[[ Collected material, beginning ]]

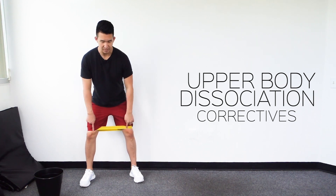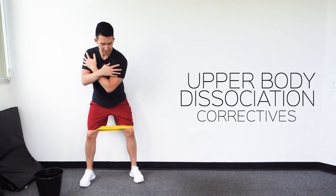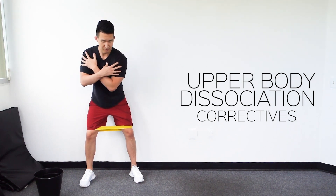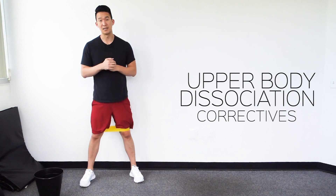We're in our golf position with the band around our knees, arms over the shoulders, and then just rotating our upper body. This band is going to create some stability in our lower body, making it easier to move the upper body without the lower body. And that is the upper body dissociation assessment corrective number one.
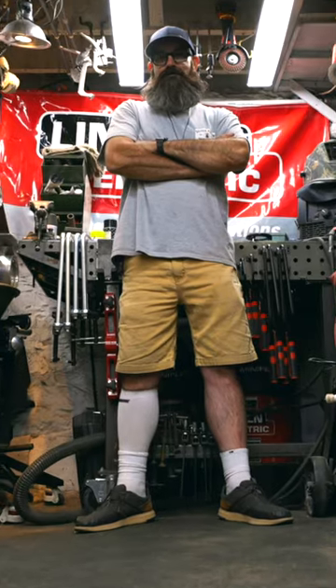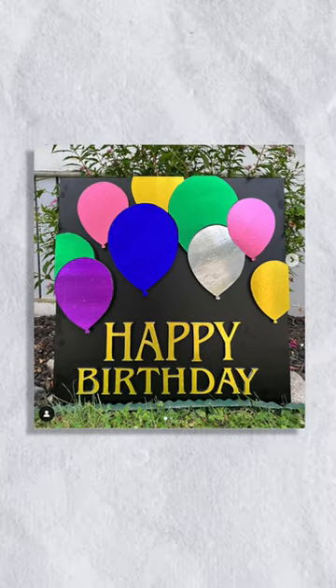How can you use aluminum color foils to craft a happy birthday sign? Instagram creator and talented TV personality Derek from Malden shows us his approach to this project.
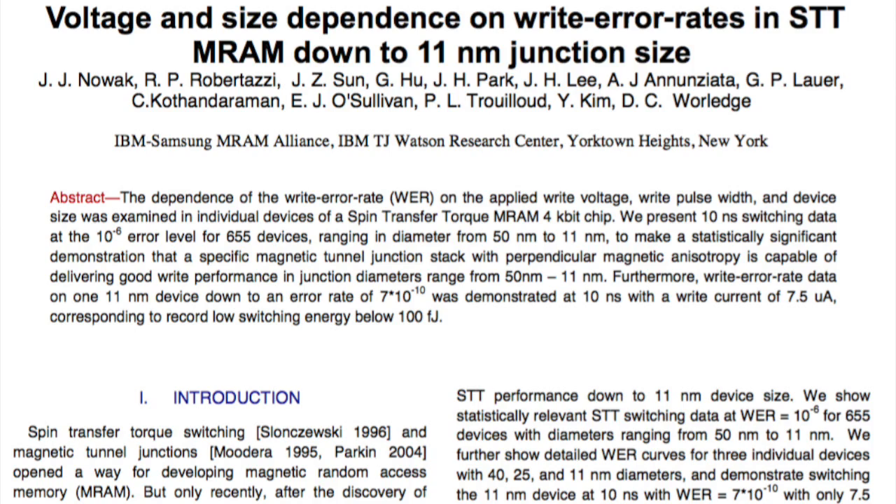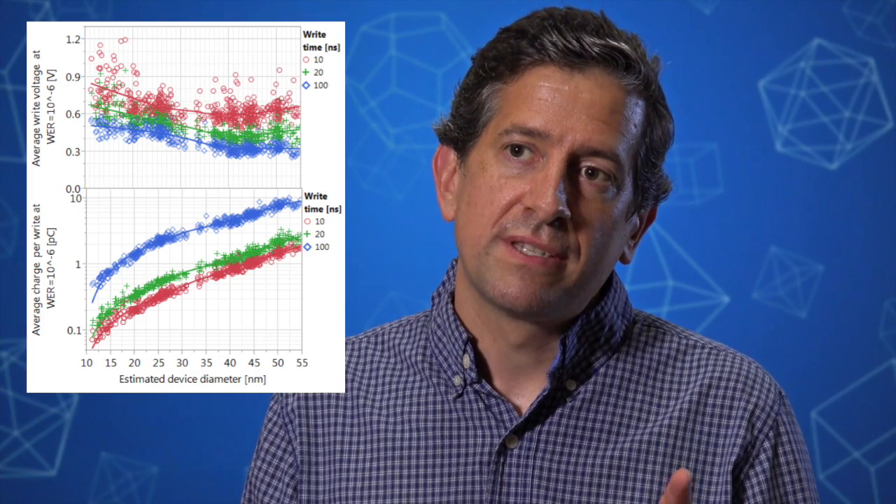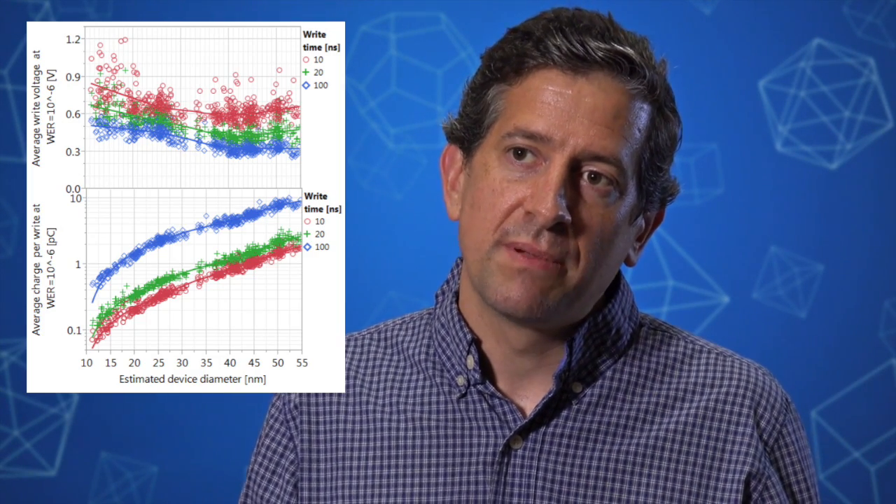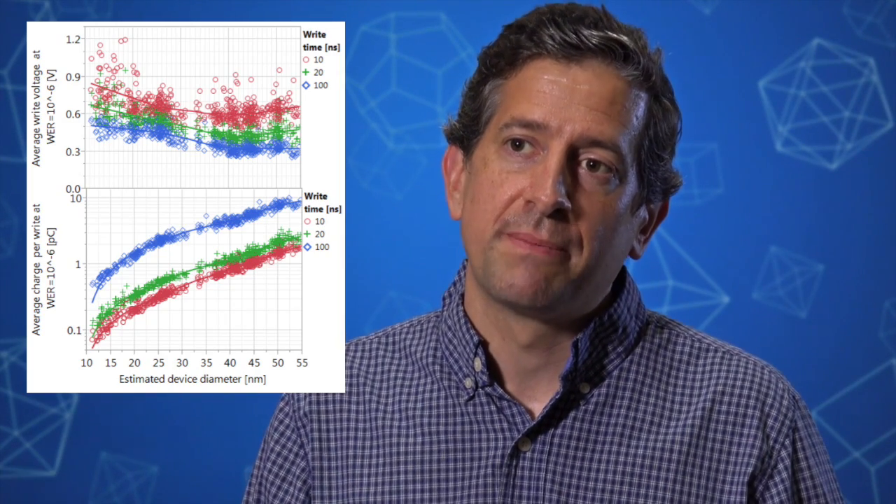Recently we published a paper showing we can scale the magnetic tunnel junction down to 11 nanometers in size — about 10,000 times smaller than the diameter of a human hair. We also showed that we could write a bit with just seven and a half microamps, a tiny amount of current which enables us to use very small transistors and make a much denser MRAM chip.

[[ Collected material, end ]]

▶ **Goal of the exercise**
The full data, repeated exactly and stripped of its pictures, is the expected answer.

▶ **Exercise answer**
We're in our golf position with the band around our knees, arms over the shoulders, and then just rotating our upper body. This band is going to create some stability in our lower body, making it easier to move the upper body without the lower body. And that is the upper body dissociation assessment corrective number one.
How can you use aluminum color foils to craft a happy birthday sign? Instagram creator and talented TV personality Derek from Malden shows us his approach to this project.
Recently we published a paper showing we can scale the magnetic tunnel junction down to 11 nanometers in size — about 10,000 times smaller than the diameter of a human hair. We also showed that we could write a bit with just seven and a half microamps, a tiny amount of current which enables us to use very small transistors and make a much denser MRAM chip.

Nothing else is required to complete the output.